RECORDED DATA:
════════════════

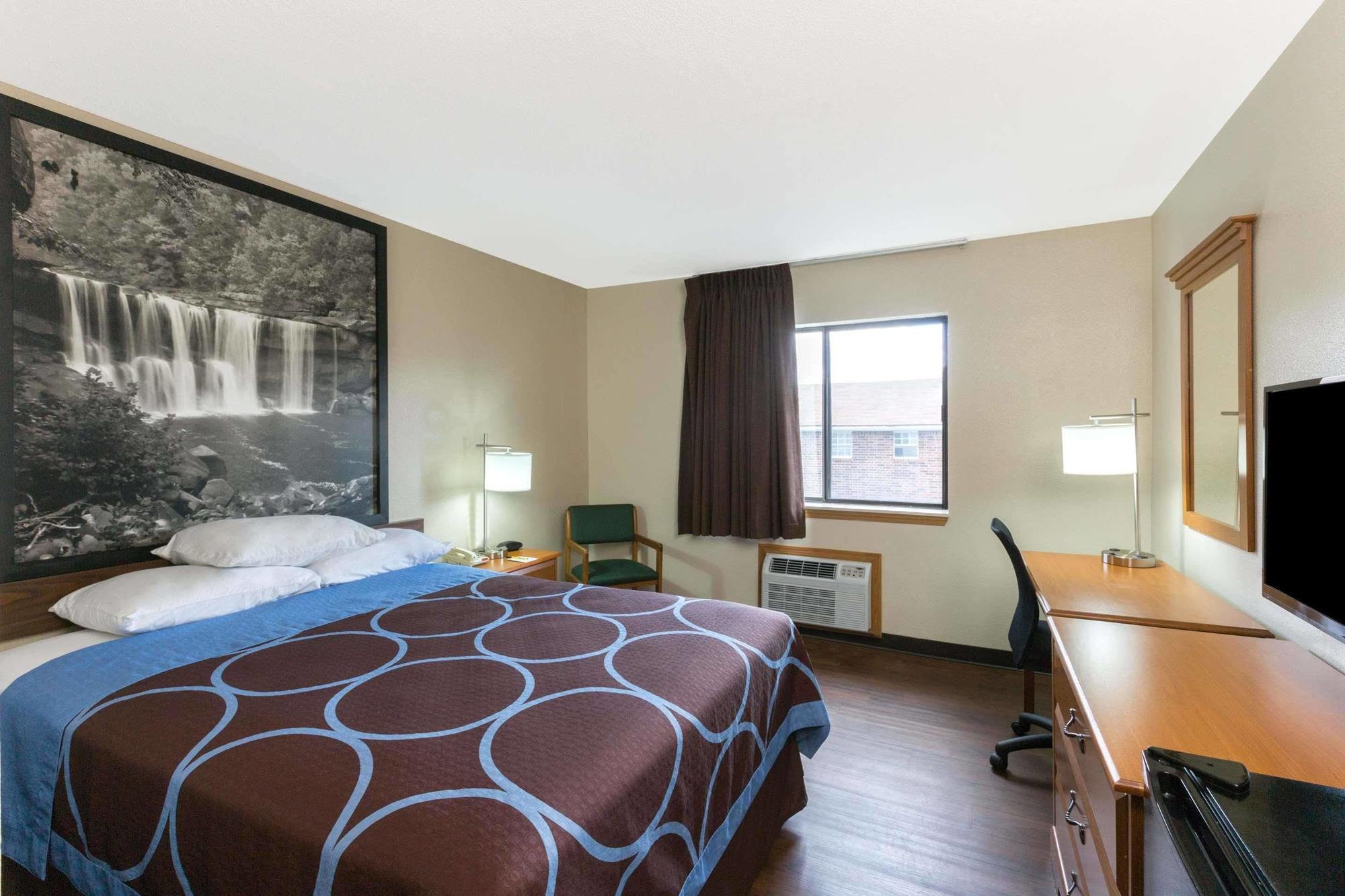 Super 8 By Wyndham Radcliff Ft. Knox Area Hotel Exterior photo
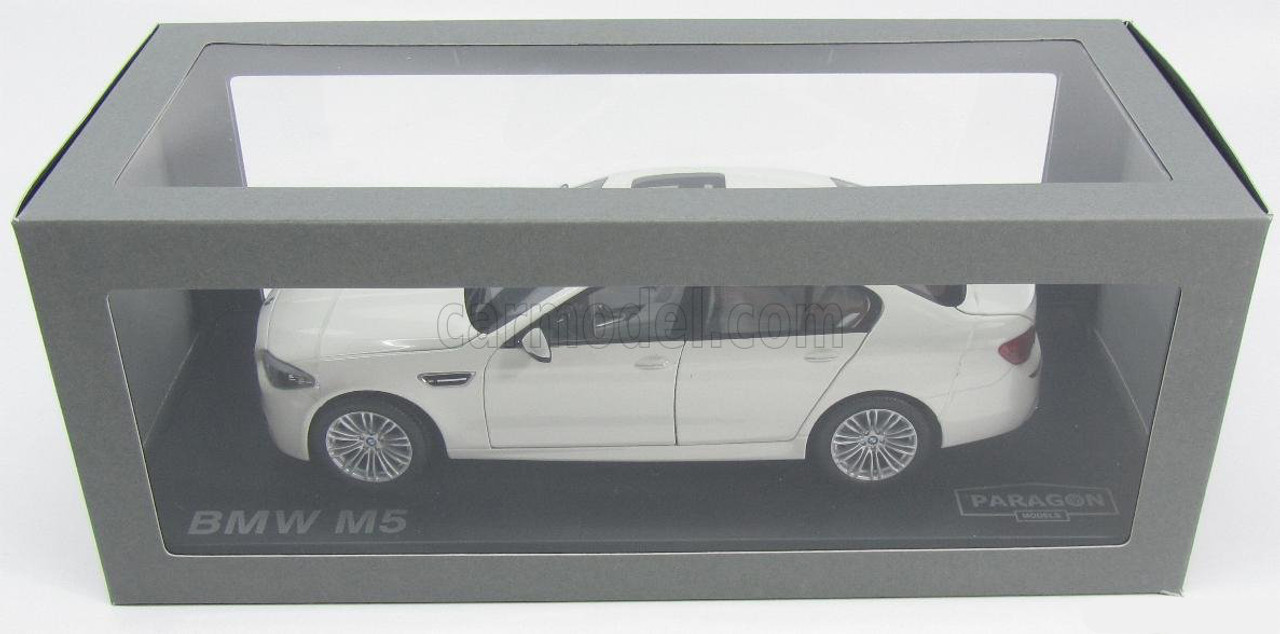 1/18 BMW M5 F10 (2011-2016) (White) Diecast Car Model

════════════════

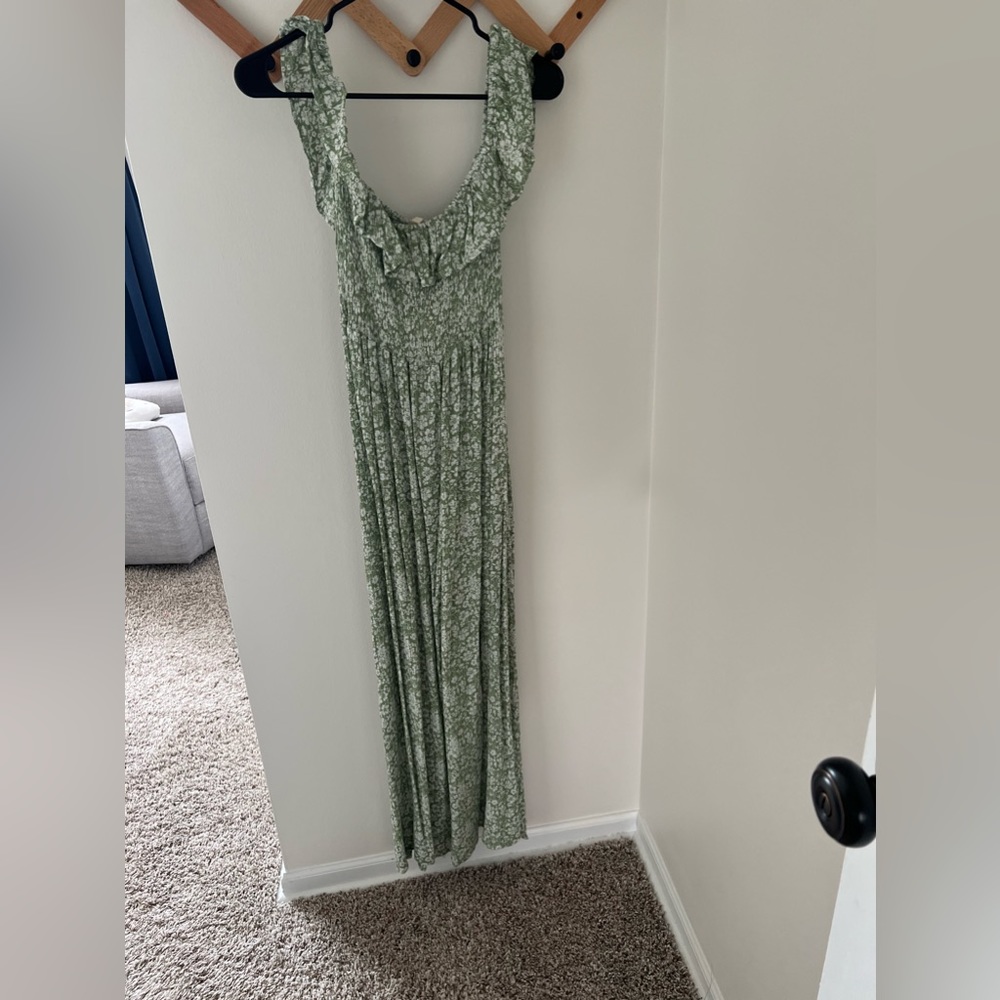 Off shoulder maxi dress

════════════════

ASSIGNED TASK: Give again, exactly as written above, each line from the one that has "Super 8 By Wyndham" to the one that has "1/18 BMW M5", both included; omit the pictures.

TASK ANSWER:
 Super 8 By Wyndham Radcliff Ft. Knox Area Hotel Exterior photo
 1/18 BMW M5 F10 (2011-2016) (White) Diecast Car Model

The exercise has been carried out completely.